— Всё в жизни исправится, была бы жена красавица, — вздохнул где-то рядом в темноте Монго.
Лермонтов очнулся. Неужели Монго подслушал его мысли?
ГЛАВА ОДИННАДЦАТАЯ
Всю осень 1840 года Лермонтов провёл в военных скитаниях.
Однажды в Большой Чечне он прохаживался на виду завала. Редкие пули ещё свистели в вечереющем воздухе.
— Побереглись бы, — сказал пожилой офицер.
— Не много ли забот об одной-единственной жизни? — отозвался Лермонтов.
— Мальчишка, — проворчал офицер из числа старых кавказцев.

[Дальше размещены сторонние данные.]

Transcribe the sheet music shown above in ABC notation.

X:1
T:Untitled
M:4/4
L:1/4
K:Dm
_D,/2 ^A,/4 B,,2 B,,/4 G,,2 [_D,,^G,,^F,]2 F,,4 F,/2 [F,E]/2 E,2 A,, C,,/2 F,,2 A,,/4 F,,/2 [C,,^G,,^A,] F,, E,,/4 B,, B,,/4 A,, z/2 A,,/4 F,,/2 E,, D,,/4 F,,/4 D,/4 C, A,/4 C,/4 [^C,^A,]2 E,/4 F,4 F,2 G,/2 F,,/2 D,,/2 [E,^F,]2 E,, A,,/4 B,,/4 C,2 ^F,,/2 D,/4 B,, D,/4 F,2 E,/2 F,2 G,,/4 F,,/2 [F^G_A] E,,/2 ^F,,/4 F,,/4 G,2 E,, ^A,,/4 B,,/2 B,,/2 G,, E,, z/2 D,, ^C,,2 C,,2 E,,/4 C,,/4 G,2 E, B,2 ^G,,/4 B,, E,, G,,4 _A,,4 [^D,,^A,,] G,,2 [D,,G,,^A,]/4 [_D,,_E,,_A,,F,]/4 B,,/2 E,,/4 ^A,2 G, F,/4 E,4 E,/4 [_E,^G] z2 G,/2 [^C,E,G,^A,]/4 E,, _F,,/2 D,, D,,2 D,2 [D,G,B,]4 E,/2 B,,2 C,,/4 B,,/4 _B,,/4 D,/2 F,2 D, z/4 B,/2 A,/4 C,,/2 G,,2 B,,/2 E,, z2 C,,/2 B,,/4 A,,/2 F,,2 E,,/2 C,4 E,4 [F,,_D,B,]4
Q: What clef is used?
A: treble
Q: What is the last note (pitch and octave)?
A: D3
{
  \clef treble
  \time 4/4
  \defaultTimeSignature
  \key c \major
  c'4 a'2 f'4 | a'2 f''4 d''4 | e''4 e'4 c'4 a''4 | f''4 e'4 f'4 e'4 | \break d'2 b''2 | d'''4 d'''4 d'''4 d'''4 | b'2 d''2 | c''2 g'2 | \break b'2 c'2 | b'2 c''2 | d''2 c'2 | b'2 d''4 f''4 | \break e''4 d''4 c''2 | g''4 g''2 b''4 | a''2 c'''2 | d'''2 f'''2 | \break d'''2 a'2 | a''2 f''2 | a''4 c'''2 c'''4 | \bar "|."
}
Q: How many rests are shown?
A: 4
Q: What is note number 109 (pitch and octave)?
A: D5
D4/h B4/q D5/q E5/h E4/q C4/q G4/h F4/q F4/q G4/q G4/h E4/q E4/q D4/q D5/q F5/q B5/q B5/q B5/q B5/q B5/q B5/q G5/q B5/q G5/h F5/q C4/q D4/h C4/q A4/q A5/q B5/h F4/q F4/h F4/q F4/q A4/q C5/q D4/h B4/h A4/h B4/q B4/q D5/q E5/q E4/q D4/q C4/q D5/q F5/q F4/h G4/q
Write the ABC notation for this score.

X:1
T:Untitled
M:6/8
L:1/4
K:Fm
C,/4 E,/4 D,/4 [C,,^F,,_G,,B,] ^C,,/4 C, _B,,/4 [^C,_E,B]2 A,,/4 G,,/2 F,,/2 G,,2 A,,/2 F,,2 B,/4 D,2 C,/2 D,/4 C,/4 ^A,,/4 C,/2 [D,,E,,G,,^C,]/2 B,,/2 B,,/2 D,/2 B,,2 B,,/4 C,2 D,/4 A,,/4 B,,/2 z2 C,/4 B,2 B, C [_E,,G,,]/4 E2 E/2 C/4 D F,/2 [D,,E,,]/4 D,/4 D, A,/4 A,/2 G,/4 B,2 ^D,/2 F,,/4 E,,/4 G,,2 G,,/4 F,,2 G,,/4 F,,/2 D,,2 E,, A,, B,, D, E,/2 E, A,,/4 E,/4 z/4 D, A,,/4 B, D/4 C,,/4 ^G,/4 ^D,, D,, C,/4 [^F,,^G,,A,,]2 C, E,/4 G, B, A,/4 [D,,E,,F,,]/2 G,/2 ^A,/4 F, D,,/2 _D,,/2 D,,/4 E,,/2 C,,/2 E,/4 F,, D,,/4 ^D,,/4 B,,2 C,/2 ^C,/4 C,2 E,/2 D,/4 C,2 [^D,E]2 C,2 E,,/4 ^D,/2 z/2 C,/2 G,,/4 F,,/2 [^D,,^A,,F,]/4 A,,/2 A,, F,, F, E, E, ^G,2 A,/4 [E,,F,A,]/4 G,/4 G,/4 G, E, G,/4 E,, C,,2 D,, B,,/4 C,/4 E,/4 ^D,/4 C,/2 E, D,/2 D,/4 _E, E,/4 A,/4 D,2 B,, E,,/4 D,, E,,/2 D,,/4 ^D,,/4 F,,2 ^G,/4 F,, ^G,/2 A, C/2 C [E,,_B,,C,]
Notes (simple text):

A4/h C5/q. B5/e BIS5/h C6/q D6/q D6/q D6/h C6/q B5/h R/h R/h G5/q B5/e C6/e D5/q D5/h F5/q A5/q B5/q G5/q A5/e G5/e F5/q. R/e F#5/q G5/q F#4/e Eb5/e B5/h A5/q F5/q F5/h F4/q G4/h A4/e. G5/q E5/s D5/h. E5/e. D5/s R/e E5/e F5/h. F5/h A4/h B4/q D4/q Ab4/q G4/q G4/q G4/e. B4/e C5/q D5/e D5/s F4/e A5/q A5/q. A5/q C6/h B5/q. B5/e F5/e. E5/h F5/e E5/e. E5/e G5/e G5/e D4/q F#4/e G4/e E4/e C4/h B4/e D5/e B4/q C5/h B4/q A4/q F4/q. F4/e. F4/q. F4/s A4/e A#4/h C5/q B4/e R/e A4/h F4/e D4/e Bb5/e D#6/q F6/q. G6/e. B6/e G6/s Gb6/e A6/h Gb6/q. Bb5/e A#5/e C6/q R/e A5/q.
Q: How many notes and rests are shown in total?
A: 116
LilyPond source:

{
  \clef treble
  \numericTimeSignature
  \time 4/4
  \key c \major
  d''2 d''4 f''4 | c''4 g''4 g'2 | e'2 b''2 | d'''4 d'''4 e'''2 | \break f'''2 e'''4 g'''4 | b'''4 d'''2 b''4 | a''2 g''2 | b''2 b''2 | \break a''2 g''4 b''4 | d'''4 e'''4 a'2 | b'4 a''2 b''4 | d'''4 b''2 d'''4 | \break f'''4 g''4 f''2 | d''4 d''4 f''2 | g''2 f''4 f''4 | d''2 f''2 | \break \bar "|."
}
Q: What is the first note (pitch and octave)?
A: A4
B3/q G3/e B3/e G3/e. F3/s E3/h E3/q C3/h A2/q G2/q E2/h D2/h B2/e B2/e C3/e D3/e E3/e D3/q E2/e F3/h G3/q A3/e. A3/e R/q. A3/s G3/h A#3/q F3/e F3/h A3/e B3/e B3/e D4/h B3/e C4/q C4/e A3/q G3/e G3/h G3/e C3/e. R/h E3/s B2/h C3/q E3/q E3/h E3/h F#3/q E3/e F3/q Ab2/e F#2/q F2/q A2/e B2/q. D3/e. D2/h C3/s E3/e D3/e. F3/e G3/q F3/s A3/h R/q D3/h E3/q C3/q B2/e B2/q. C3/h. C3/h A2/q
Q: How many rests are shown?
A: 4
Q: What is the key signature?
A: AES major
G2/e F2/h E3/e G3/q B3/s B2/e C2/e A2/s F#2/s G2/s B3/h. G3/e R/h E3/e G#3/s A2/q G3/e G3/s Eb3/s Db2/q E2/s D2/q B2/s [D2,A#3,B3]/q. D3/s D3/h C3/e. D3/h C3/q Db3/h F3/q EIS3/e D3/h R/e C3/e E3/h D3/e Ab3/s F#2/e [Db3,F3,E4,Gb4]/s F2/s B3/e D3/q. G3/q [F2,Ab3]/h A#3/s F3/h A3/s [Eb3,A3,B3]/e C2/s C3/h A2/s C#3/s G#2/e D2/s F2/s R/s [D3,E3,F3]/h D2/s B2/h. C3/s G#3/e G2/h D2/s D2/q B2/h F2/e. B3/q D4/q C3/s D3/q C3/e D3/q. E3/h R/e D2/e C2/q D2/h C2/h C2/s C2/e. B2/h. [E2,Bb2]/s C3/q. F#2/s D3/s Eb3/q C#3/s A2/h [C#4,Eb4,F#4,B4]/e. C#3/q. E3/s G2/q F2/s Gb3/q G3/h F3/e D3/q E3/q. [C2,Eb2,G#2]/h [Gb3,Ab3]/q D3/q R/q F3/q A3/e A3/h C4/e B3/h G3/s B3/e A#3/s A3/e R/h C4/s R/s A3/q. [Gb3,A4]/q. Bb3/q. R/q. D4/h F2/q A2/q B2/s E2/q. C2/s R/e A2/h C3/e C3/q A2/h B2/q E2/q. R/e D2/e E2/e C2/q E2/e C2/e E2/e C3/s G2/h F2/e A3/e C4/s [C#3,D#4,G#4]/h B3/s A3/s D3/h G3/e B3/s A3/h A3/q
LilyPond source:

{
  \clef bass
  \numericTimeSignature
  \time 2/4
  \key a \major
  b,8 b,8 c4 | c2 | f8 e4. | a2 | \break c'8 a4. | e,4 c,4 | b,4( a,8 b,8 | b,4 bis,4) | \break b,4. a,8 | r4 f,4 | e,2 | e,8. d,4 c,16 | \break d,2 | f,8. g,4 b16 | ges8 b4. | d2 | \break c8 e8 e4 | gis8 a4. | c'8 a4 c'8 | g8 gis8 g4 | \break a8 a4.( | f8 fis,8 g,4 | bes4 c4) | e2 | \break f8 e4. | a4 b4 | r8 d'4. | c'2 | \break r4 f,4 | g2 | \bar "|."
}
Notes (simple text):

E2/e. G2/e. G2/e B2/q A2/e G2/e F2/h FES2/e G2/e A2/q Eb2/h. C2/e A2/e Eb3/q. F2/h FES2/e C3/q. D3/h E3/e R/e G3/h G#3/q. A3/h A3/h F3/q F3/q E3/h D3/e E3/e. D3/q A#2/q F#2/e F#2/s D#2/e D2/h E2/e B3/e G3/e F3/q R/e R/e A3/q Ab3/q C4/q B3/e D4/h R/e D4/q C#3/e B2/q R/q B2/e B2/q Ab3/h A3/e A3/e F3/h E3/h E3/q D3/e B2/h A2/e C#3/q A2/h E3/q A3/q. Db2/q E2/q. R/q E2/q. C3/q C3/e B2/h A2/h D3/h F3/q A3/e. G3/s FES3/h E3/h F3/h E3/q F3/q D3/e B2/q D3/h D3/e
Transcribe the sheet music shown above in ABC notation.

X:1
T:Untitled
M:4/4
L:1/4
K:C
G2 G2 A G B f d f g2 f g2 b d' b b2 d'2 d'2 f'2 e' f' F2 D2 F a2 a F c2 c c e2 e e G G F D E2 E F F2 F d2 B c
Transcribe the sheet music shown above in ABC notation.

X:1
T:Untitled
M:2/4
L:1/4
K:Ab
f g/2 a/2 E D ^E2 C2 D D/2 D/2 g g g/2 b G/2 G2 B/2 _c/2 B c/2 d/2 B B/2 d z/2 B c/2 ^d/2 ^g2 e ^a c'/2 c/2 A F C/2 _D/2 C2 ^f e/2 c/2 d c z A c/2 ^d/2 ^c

А Лермонтов подумал про себя с досадой: «Ответ глупейший, приличный Печорину, ей-ей». Когда он ловил себя на чертах, сходных с повадками своего героя, он ощущал повзрослевшим умом напыщенность и театральность этих выходок.
Кавказские Максим Максимычи, командиры Лермонтова всячески старались вывести его из-под огня. Его вставляли во все списки награждённых (награждённому полагался длительный отпуск), а царь вычёркивал: под пули, без поблажек!
Последние два года судьба словно включила ему метроном; время отщёлкивалось с неимоверной быстротой.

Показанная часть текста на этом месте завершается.